My most profound class was one I took near the end of my senior year on the philosophy of 13th-century theologian Thomas Aquinas. Taught by Professor Frederick Strothmann, it was a very small class of somewhat dissimilar people. We all read from a two-volume translation of Aquinas’s Summa Theologica, and we all wrote term papers; but our classroom discussions were the most thought-provoking aspect. These exchanges took on an intensity of inquiry that has remained a part of me all of my life, opening my mind to different ways of approaching moral questions.
World War II had just ended. The campus was full of returning veterans who had lived through war experiences that were beyond their capacity or desire to describe. We were very patriotic, with a great sense of purpose. Arriving at the age of official adulthood, we were preparing to take our place in the life of our country.

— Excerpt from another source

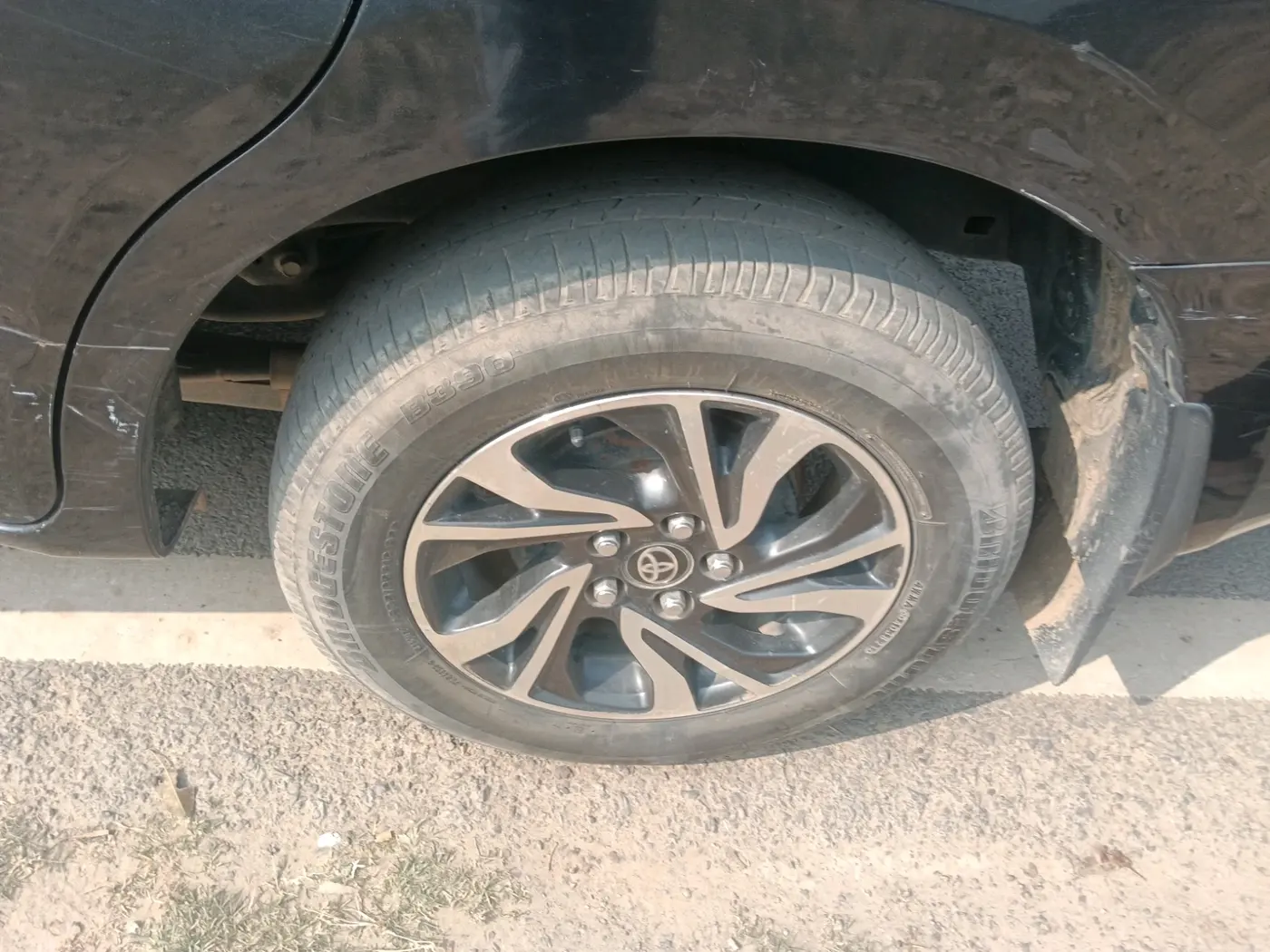 2021 Toyota Innova Crysta 2.4 G 7 STR, Diesel, Manual, 41,094 km, tyre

The course focused on a topic that seems far removed from medieval theology: the legitimacy and duties of the upcoming international military tribunals. The tribunal most important to Professor Strothmann was the one known today as the Nuremberg judgments. We talked about the ramifications and the legal precedents that might be set, then used the writings of Aquinas to examine the moral and ethical reasons for the various possibilities. Eventually the discussions moved into the problems of punishments after judgments—in war, in peace and in private life.
This was an upper-division and graduate course, and most of us had our own ideas, which we freely expressed. In doing so, I began to realize how much I was influenced by my own spiritual beliefs and my past. Afterward, Professor Strothmann told us about how he left his native Germany because he couldn’t reconcile his own beliefs with those of his government. We talked a great deal about what it means, in philosophical terms, to be human and to have human rights, and we studied what Aquinas considered to be human actions and human reactions to life’s challenges. My most important realization was the extent to which my own judgments were smug and narrow because of my lack of experience.
Professor Strothmann’s course changed my thinking and my self-image. We didn’t answer all the questions, but we learned to ask questions—and, most of all, to question ourselves.